§ **Task**: The answer must be an exact copy of the lines from the one with "Royal Oak with" to the last line of the entries below, both included, and must contain no pictures.

[Stored items from a collection]

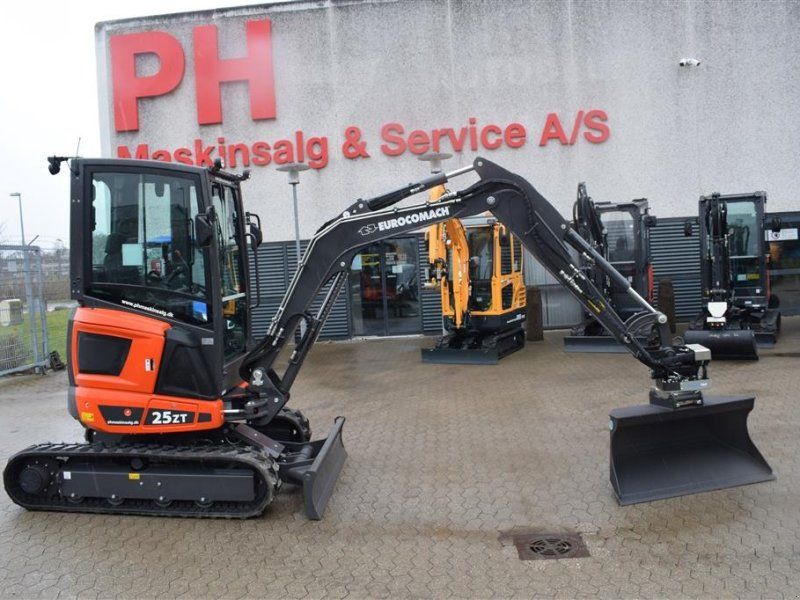 Eurocomach 25 ZT COMPACTTILT ROTATOR CTR3, SMØRESYSTEM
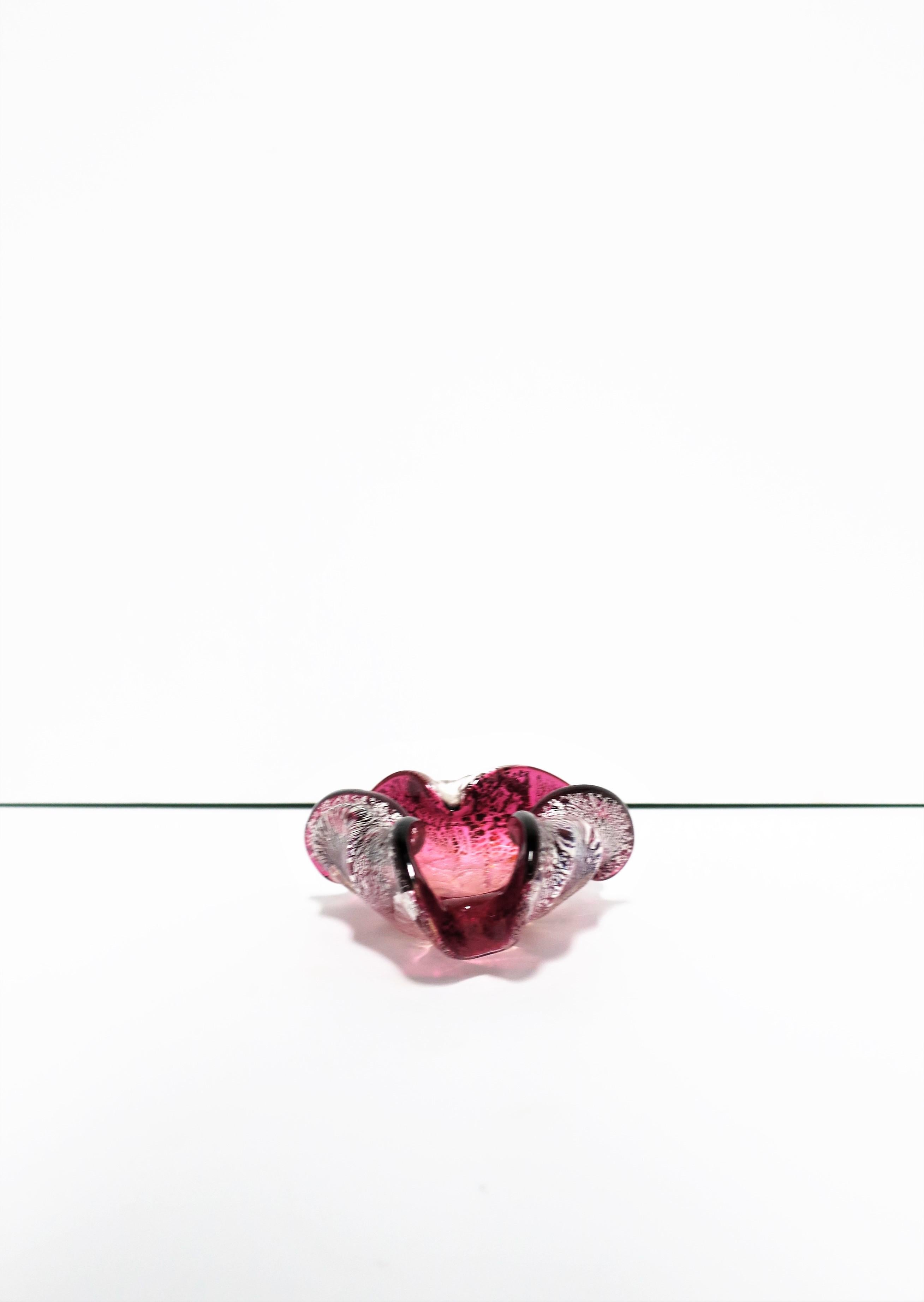 Verre d'art Bol en verre d'art italien de Murano rose magenta et argent, vers le 20ème siècle en vente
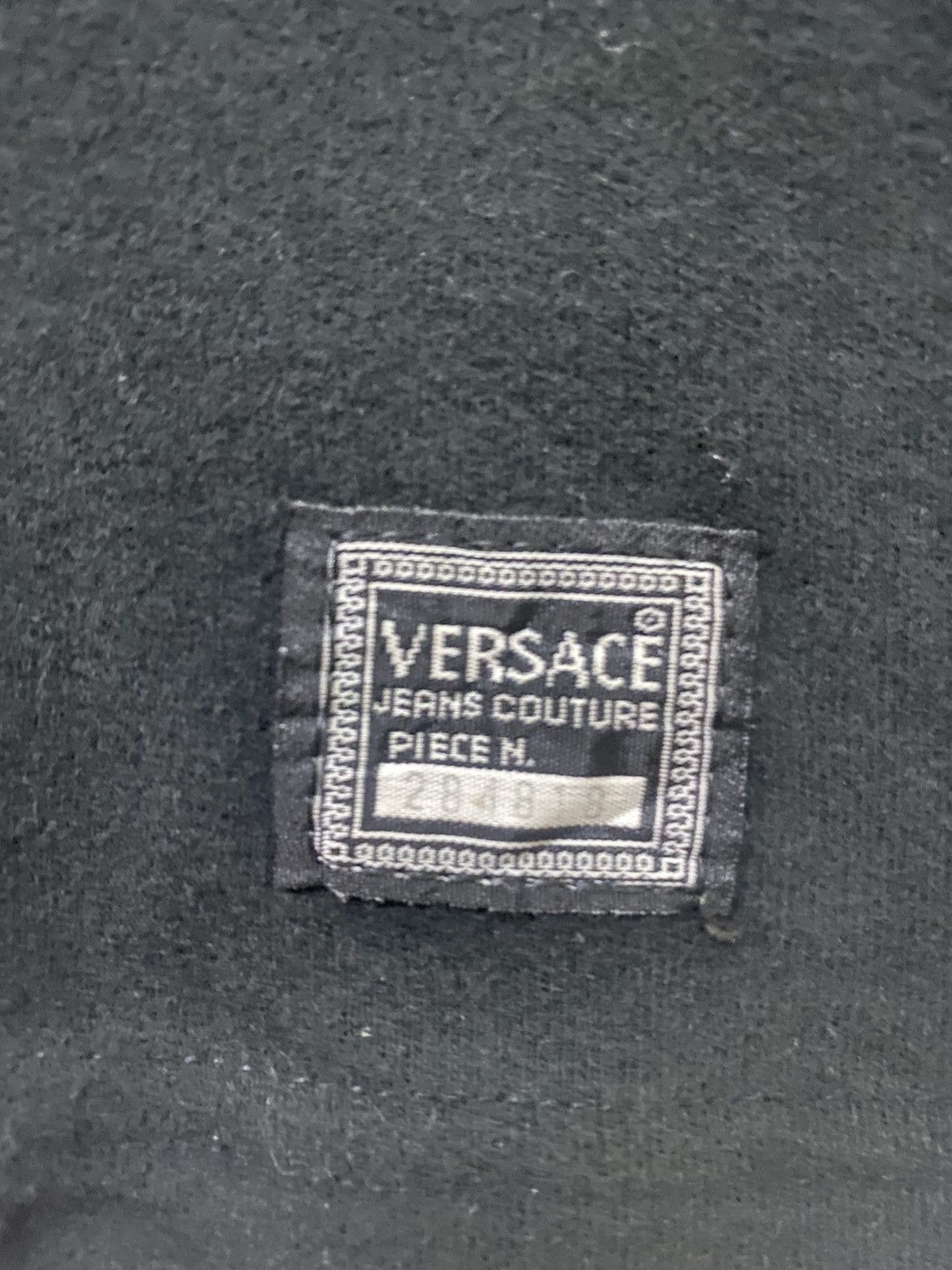 Versace Jeans Couture Vintage Versace Jeans Couture Sweatshirts Pullover Medium Size US M / EU 48-50 / 2 - 7 Thumbnail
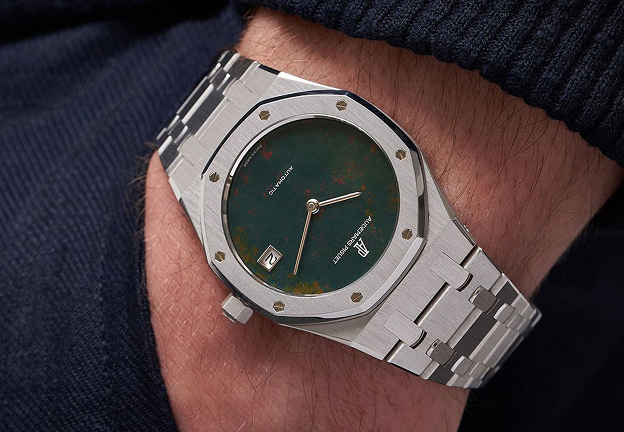 Royal Oak with impressive bloodstone dial<br>
https://watchesbysjx.com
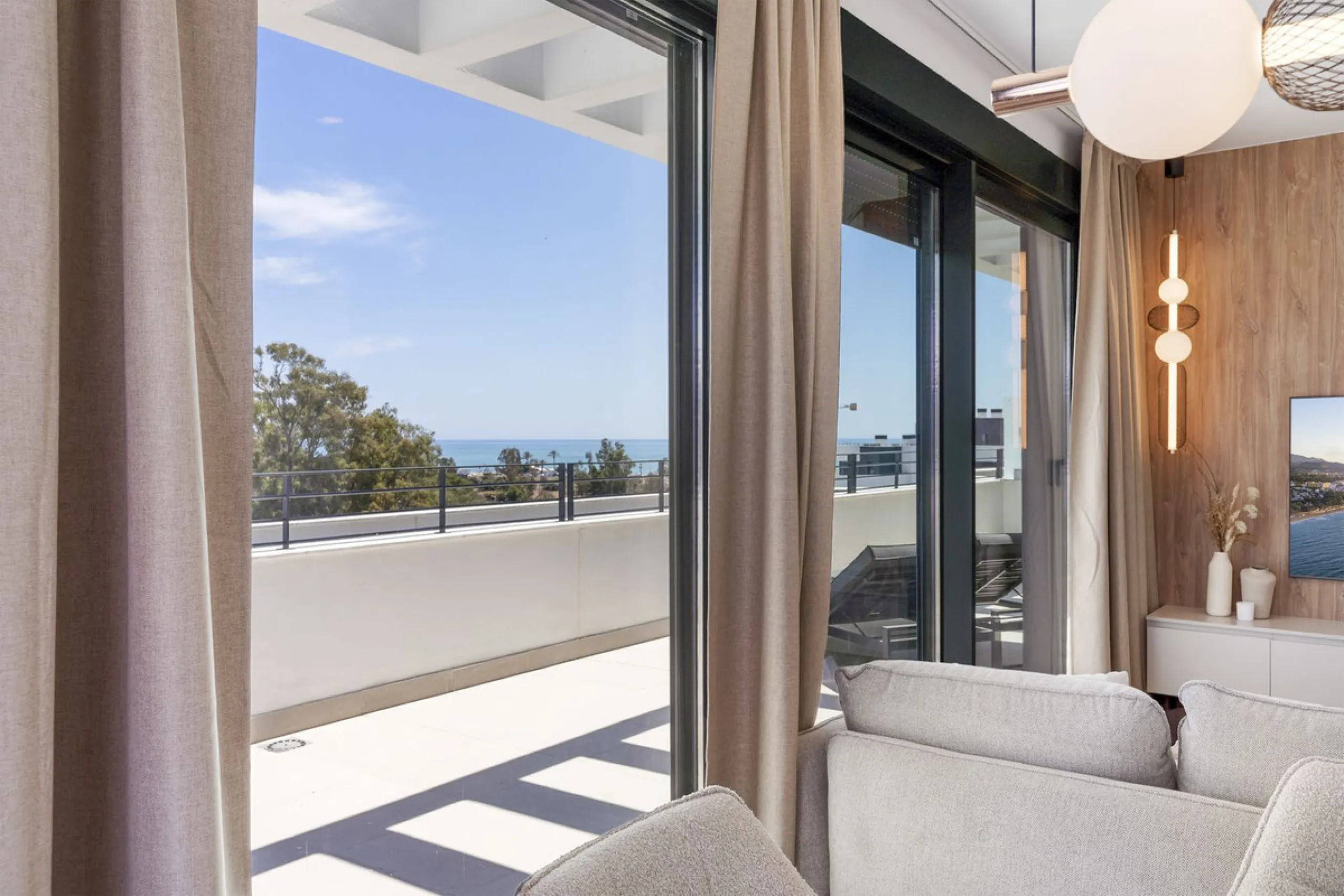 Vita offers many reasons to enjoy a perfect stay. The cozy living room, furnished with comfortable seating, a TV, and WiFi, is the ideal place to relax after a day full of adventures.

§ **Your solution**:
 Royal Oak with impressive bloodstone dial<br>
https://watchesbysjx.com
 Vita offers many reasons to enjoy a perfect stay. The cozy living room, furnished with comfortable seating, a TV, and WiFi, is the ideal place to relax after a day full of adventures.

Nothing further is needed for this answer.